Live music giant AEG has accused lawyers for Michael Jackson's family of deliberately leaking sensitive emails pertaining to the star's death to the media.
A Jackson lawsuit alleges that AEG put pressure on Jackson to prepare for his 2009 This Is It tour despite knowing he was in a weak condition. It also claims that AEG was aware Jackson had hired Dr. Conrad Murray to aid his health. Murray was later charged with Jackson's manslaughter.
In September, the Los Angeles Times ran a story in which emails from top brass at AEG were printed. They appeared to strengthen the Jackson family's position.
In response to the Jackson family lawsuit, AEG has now filed a motion accusing the Jacksons and their lawyers of leaking emails to LA Times deliberately.
CNN reports that AEG lawyer Marvin Putnam said: "It is clear that only one entity could have done it."
In front of Los Angeles Superior Court Judge Yvette Palazuelos, Putnam claimed that the e-mails - which the LA Times reporter has shared with AEG - have "certain unique characteristics" that prove they were given to the Jackson lawyers by AEG as part of discovery in the wrongful-death lawsuit.
Amongst others, the emails showed Randy Phillips, Live CEO of AEG, stating, "MJ locked in his room drunk and despondent” and “scared to death"... "I screamed at him so loud the walls are shaking.
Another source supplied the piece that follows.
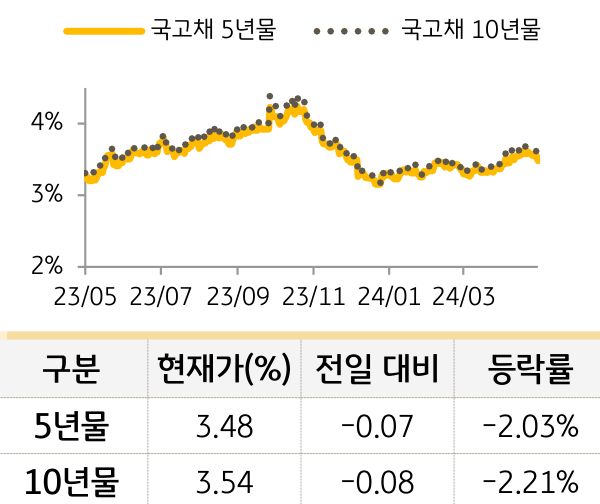 국고채 금리
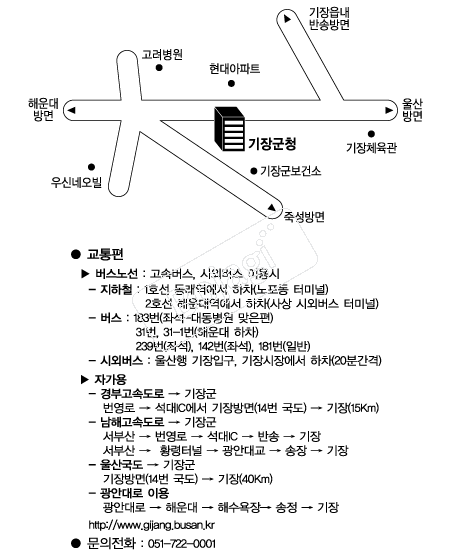  �൵ ���ڱ� ī�� ûø��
He is an emotionally paralysed mess riddled with self-loathing and doubt now that it is show time."
AEG has requested that the Jacksons not be permitted to use the e-mails in next year's trial, in which the Jackson family will attempt to prove that the promoter holds liability for Michael Jackson's death.
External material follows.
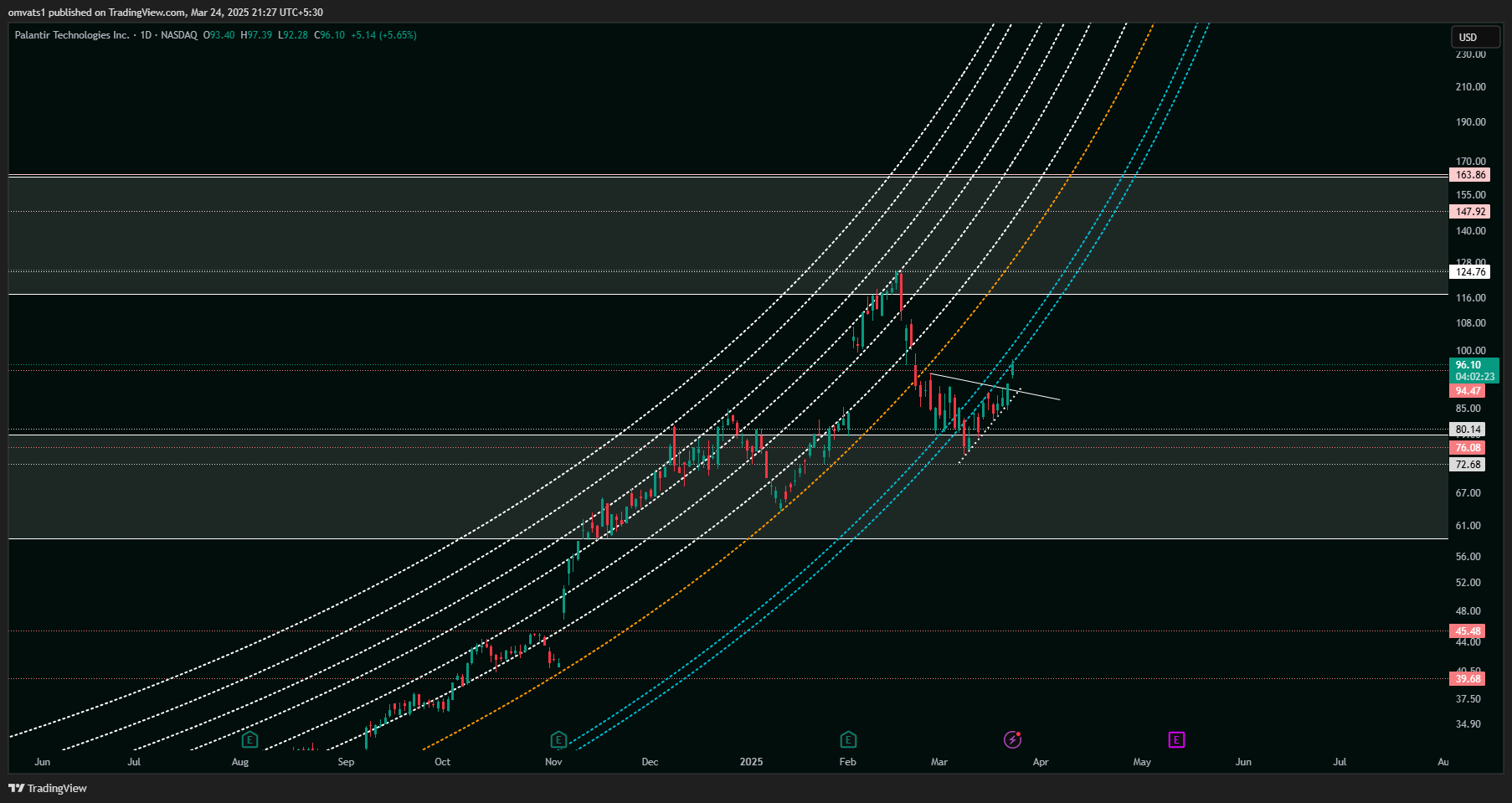 BATS:PLTR Chart Image by omvats1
Jackson's team denied either the family or legal reps had leaked the the e-mails - even suggesting AEG lawyers could have done so deliberately.
Jackson was booked for a 50-night residency at the O2 Arena in London called This Is It, but he died in June 2009 shortly before the tour was due to start.
AEG have since claimed a £11m cancellation policy but the insurers of the concert, Lloyd's of London, argue that the company made false claims about Jackson's health and readiness to perform.